I'm gradually trying to start a coffee roasting business and I've come across a link to someone is selling a "Data max Nova 4 thermal label printer". The idea is that on the degassing bags I can print a label to put on the bags.

I've seen this one for sell and was wondering would it be any good for myself. Looking online and trying to find more information about it. Has anyone any experience of this or recommend a label printer that would print well for bags.

Many thanks

Phil.


----------



## johnealey (May 19, 2014)

Hi @Dartmoor Coffee Phil

you may want to start with something like a brother thermal printer that accepts DX self adhesive rolls that can be sized / cut on the fly. Have a look at something like QL 700 here (just an example) and you can get generic DX rolls in different widths from Amazon / ebay etc (62mm wide by 30m work well on 250g bag sizes and up).

Have a QL-570 that has performed without for close to 350m of labels of different sizes sometimes producing 40-50 at a time and is probably 3-4 years old now.

Not the worlds most comprehensive software but easy enough to produce text of different sizes of different fonts etc and at approx. £30 at the time, not going to cry if I kill it.

Would think you might want to keep your costs down when starting up, above may help 

John


----------



## Tsangpa (Nov 26, 2017)

That looks more of a shipping label printer. Have you thought about having the labels printed? You could have a design with a space for handwriting the type of coffee/roast level/grind level/roast date. If you get the design right the handwritten details will look in keeping with it and the finish of a professionally printed label will usually be higher than the finish you can achieve. It looks to be about £150-£200 for 1,000 labels depending on size. At least that way you get a good look and can scale up to printing your own when the demand requires it.

These should give you some ideas:

https://label.co.uk/

https://www.handylabels.co.uk/

https://www.fastlabels.co.uk/


----------



## Dartmoor Coffee (Feb 4, 2020)

Thanks. I wasn't too sure what it was for, or given the software could I design labels for what I wanted.
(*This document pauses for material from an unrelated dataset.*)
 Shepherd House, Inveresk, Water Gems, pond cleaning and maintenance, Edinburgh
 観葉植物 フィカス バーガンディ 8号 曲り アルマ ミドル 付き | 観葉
It is selling for only £150 so thought wasn't too bad cost-wise.

@johnealey - thanks will take a look at the device.

@Tsangpa - I had thought about this, but I'm guessing my design would be fluid for a while till I'm happy so wasn't sure about getting a load of labels till a solid design.


----------



## filthynines (May 2, 2016)

I've gone the route @Tsangpa suggested. I had a designer put together a template which can be easily edited. I have two options: print a batch of labels for each coffee in advance, or just print blanks and fill them in as needed. I might end up doing a bit of both.

That suggestion from @johnealey might well be what I was looking for regarding shipping, though!


----------